What This Means for How You Build
If you are building something that calls an API model for a task like structured output generation, SVG rendering, or other single-shot creative-but-constrained tasks, it is worth benchmarking against local alternatives before assuming the API is the right answer. The economics are different: API calls have per-token costs that compound at scale, while local inference has upfront hardware costs and operational overhead, but marginal cost per inference approaches zero.
The more interesting implication is for the definition of “frontier.” Frontier used to mean the best models from the largest labs, full stop. It is becoming something more like “the best models for tasks that require broad generalization or very long context.” For tasks with a narrower profile, a well-chosen local model running on commodity hardware is increasingly competitive. The pelican result is one data point, but it fits a pattern that has been developing across a range of benchmarks and informal tests.
Qwen3’s trajectory in particular is worth watching.
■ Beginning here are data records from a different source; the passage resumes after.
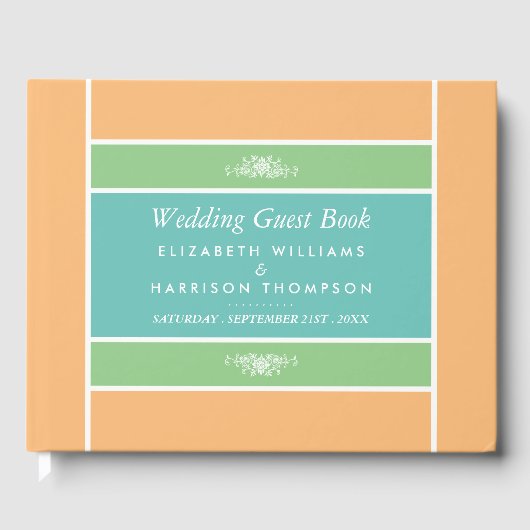 Moderner Pastellblock - Tropische Farben - Hochzei Gästebuch (Vorderseite)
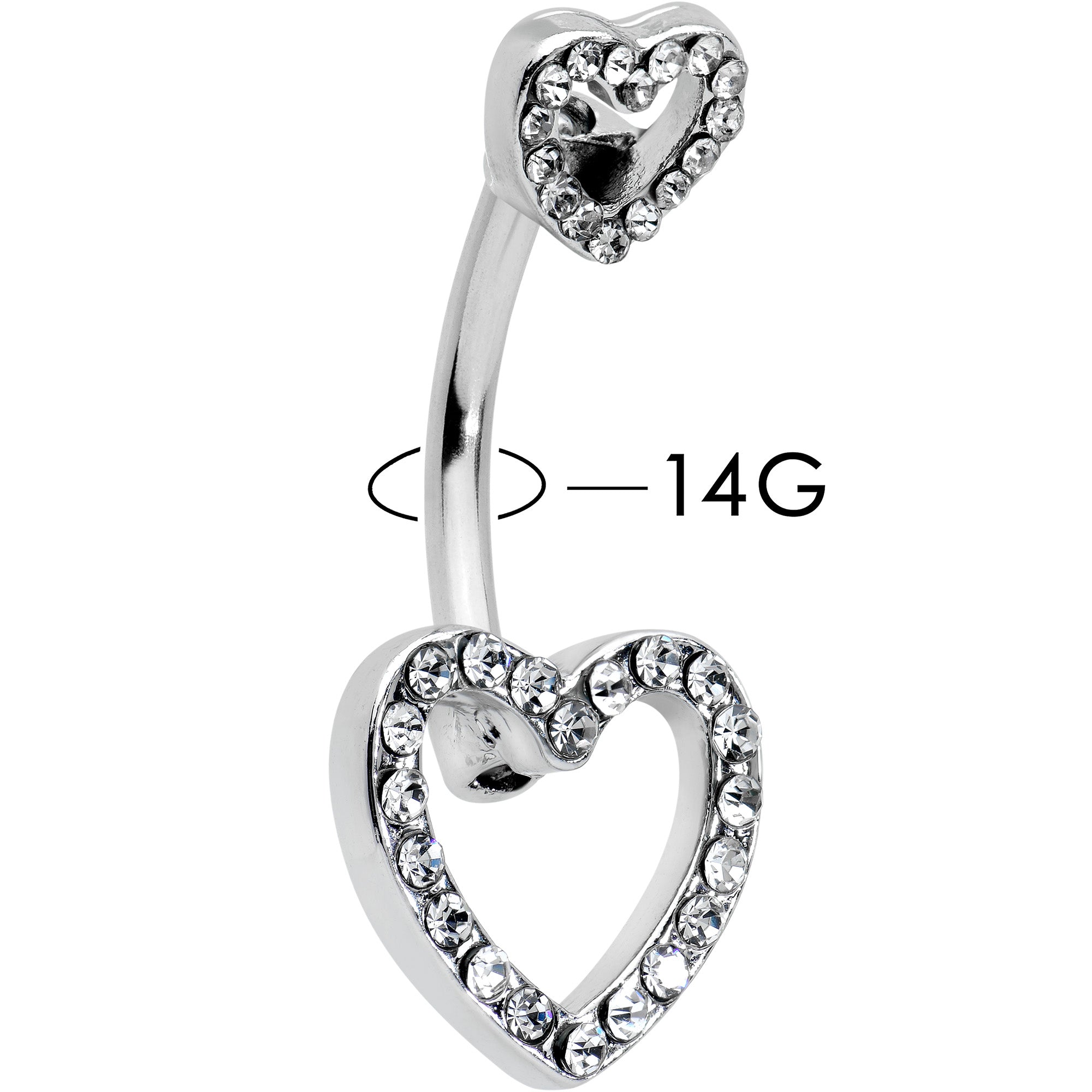 BodyCandy Clear Gem Open Heart Valentine Double Mount Belly Ring — lifestyle context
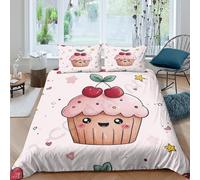 UNRXJZLVM 3D Printed Cute Cartoon Cupcake Duvet Cover Microfiber Bedroom Decoration Sweet Muffin Bedding Set for Teens Adults Soft All Seasons Double（200x200cm）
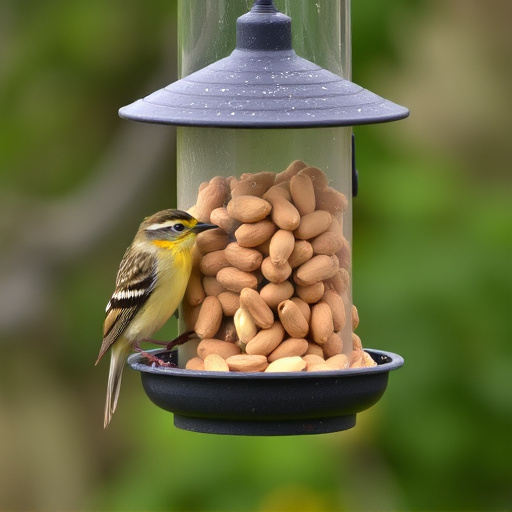 Bird feeder filled with peanuts outdoors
The Qwen team at Alibaba has been releasing models at a pace and quality level that consistently surprises, and the 35B-A3B variant represents a real engineering achievement: a model that fits in a practical local inference budget while delivering results that hold up against frontier API offerings on specific tasks.
The gap between what runs on your laptop and what requires a data center is not gone, but it is getting specific enough to navigate. Knowing which tasks fall on which side of that line is becoming a genuinely useful engineering skill.